**EXERCISE INPUTS**
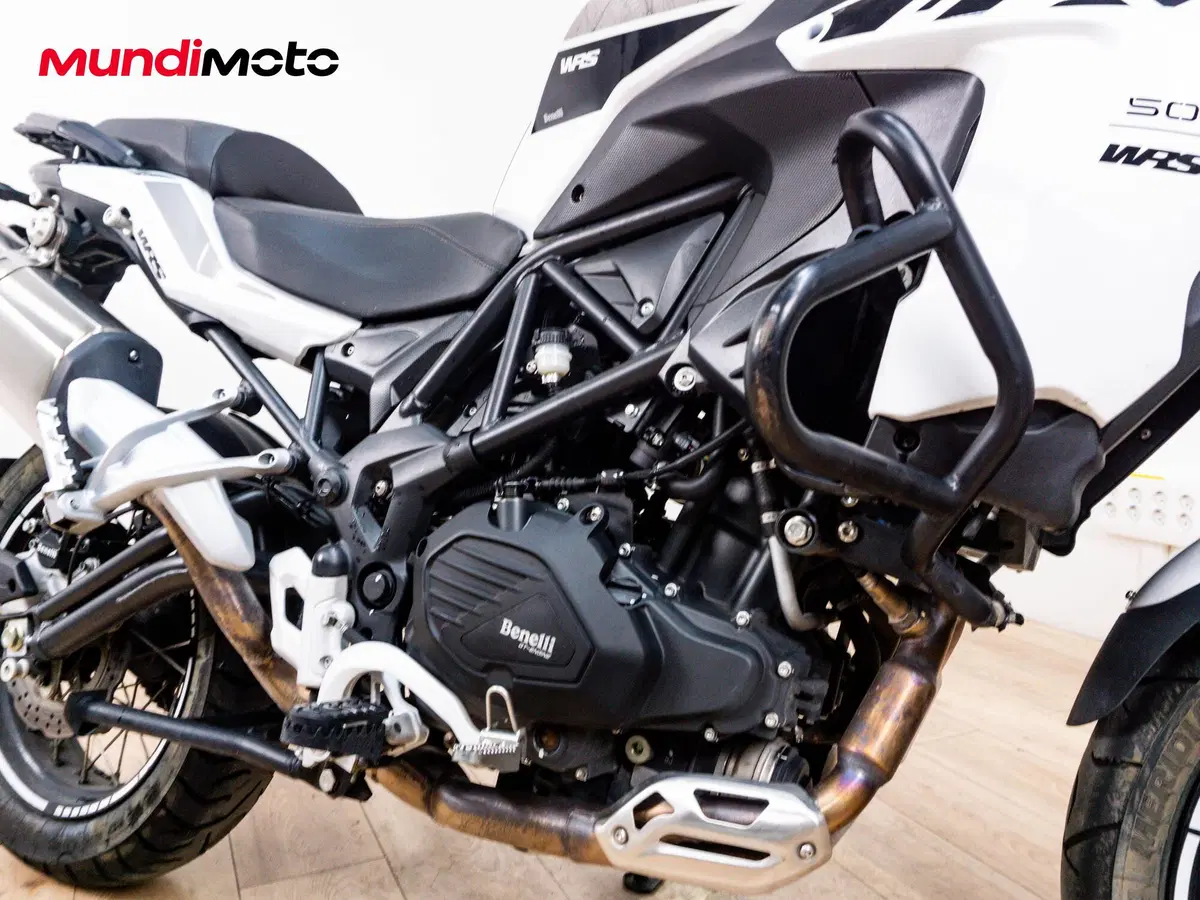 Benelli TRK 502 (2016) (5)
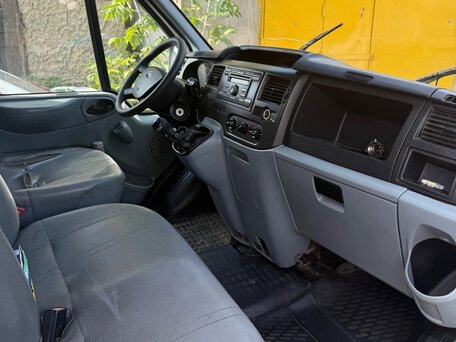 2008 Ford Transit, белый, 570000 рублей, вид 5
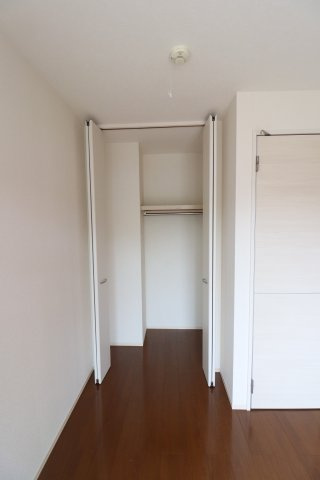 アイスール片倉の収納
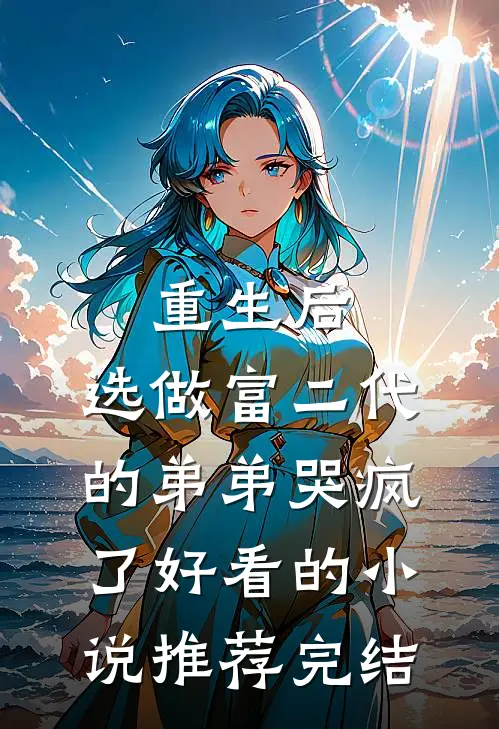 重生后，选做富二代的弟弟哭疯了好看的小说推荐完结
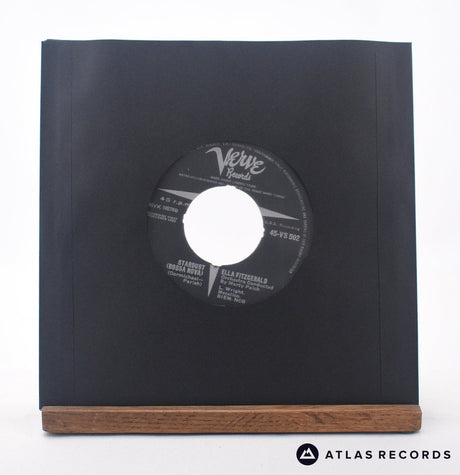 Ella Fitzgerald - Desafinado (Slightly Out Of Tune) - 7" Vinyl Record - VG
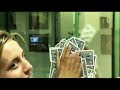 this is kaos. a trick where a card is pulled through a window. it's created by sean beard and performed by daniel garcia in this video.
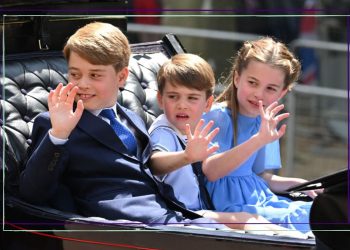 Prince George, Charlotte and Louis to take part in unexpected activity if Conservatives get their way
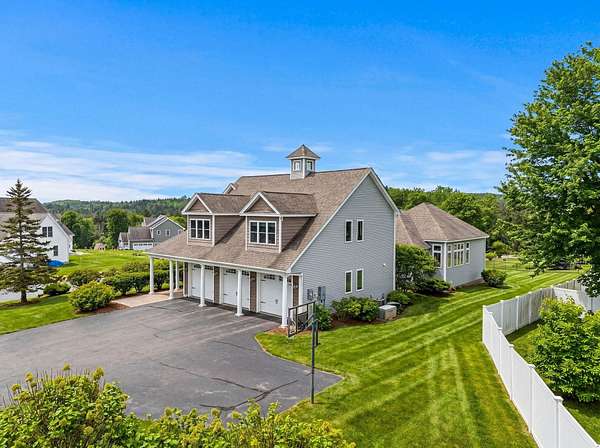 2.33 Acres of Land with Home for Sale in Bedford, New Hampshire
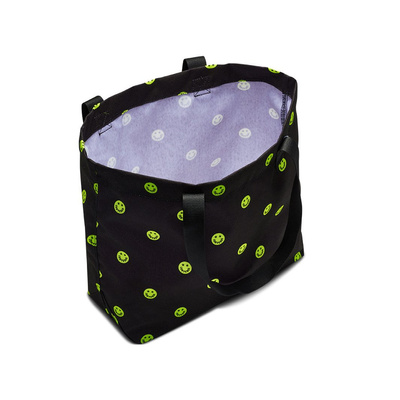 Torba Converse Happy Camper Tote Bag czarna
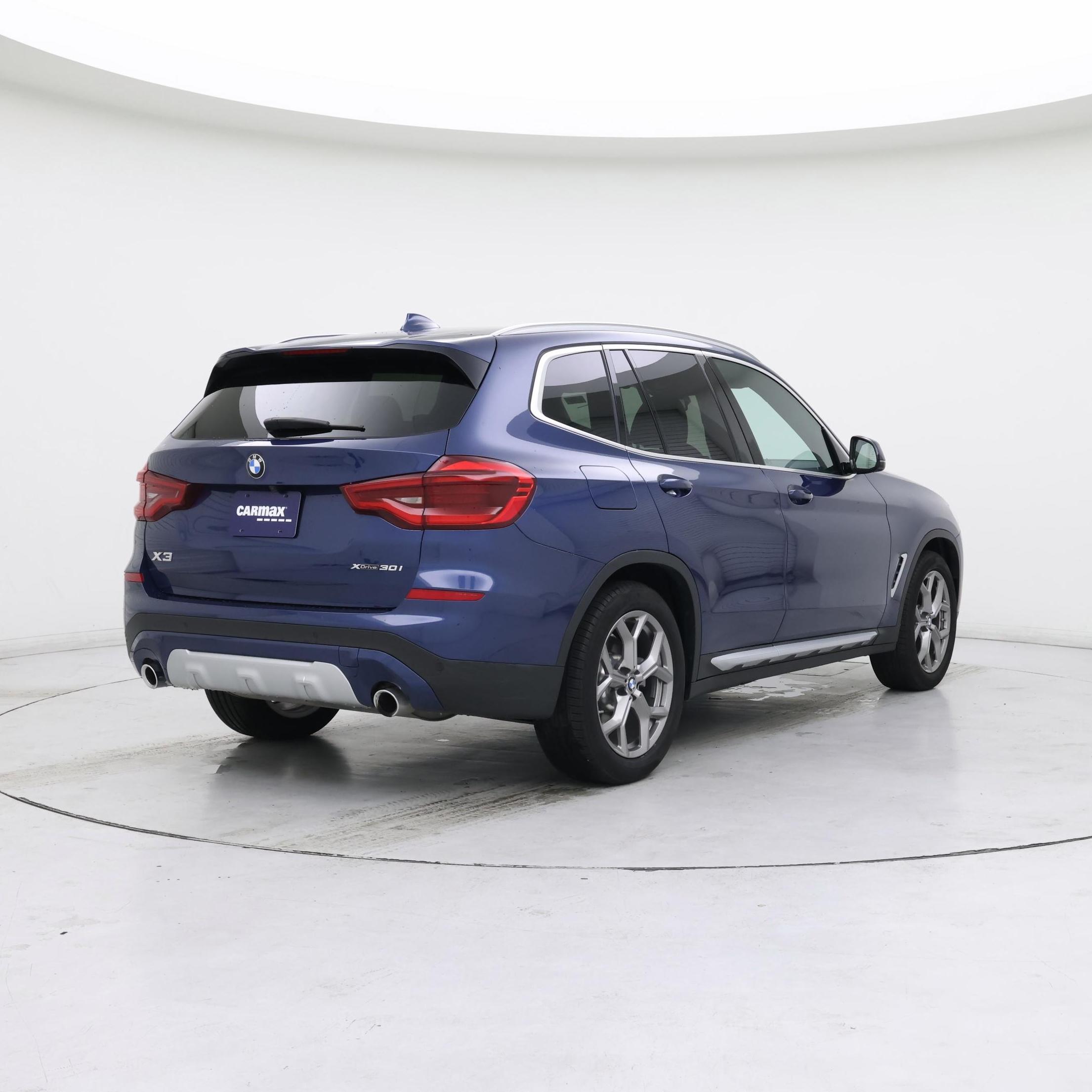 Thumbnail: 2020 BMW X3 - 8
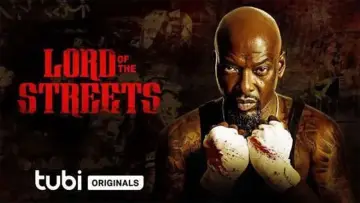 Задник к фильму "Lord of the Streets" #106638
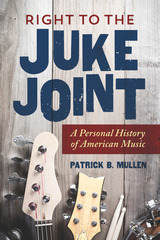 front cover of Right to the Juke Joint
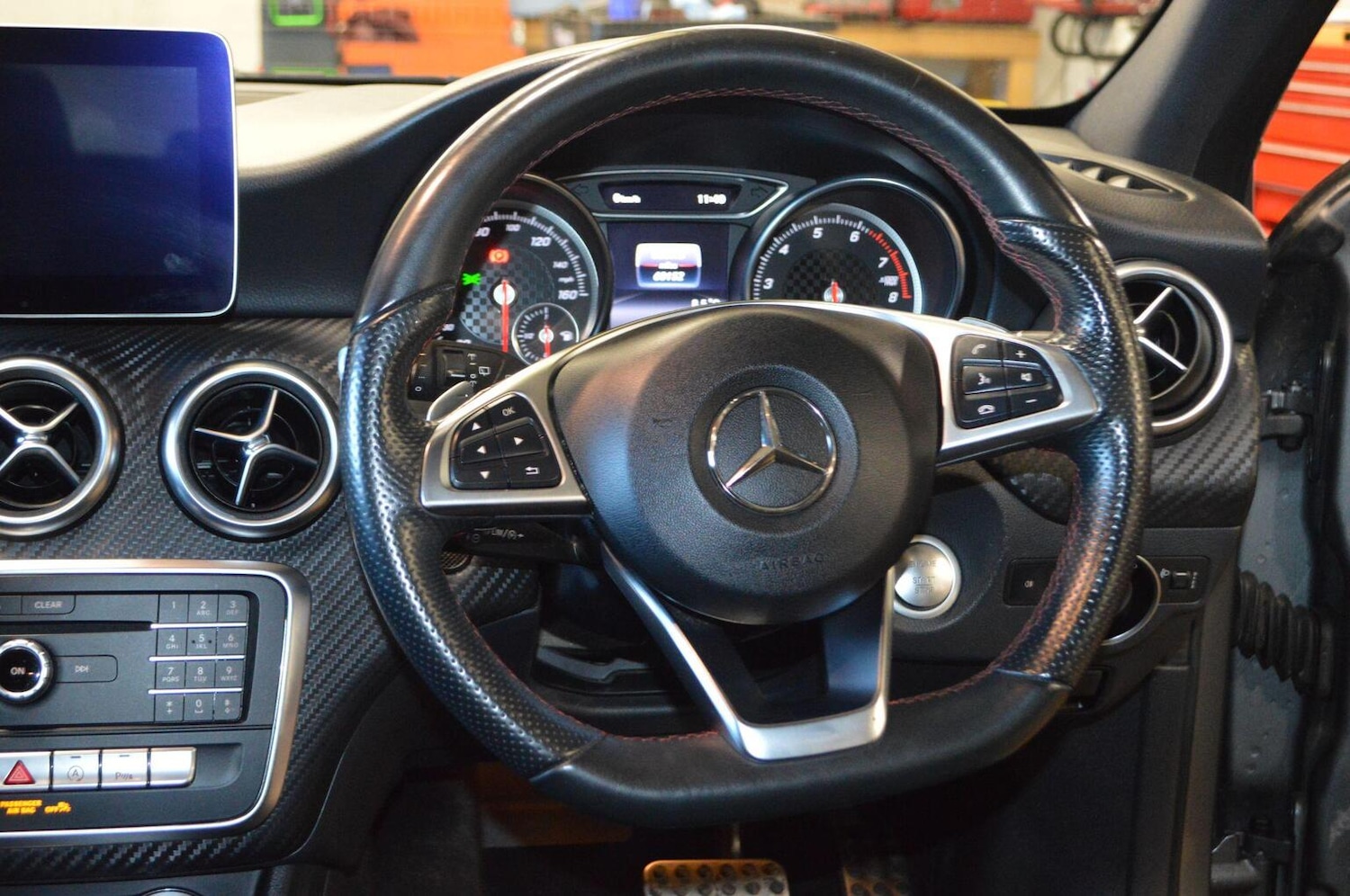 Used Mercedes-Benz A-Class 2018 for sale - 76588440: Photo 14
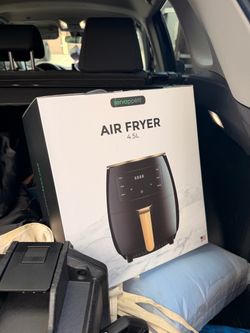 Servappetit 4.5 QT Air Fryer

**WHAT IS BEING ASKED**
Exactly as written, restate the lines above from the opening line through the one holding "Prince George, Charlotte", omitting the pictures.

**SOLUTION FOR THIS PROBLEM**
 Benelli TRK 502 (2016) (5)
 2008 Ford Transit, белый, 570000 рублей, вид 5
 アイスール片倉の収納
 重生后，选做富二代的弟弟哭疯了好看的小说推荐完结
 Ella Fitzgerald - Desafinado (Slightly Out Of Tune) - 7" Vinyl Record - VG
 this is kaos. a trick where a card is pulled through a window. it's created by sean beard and performed by daniel garcia in this video.
 Prince George, Charlotte and Louis to take part in unexpected activity if Conservatives get their way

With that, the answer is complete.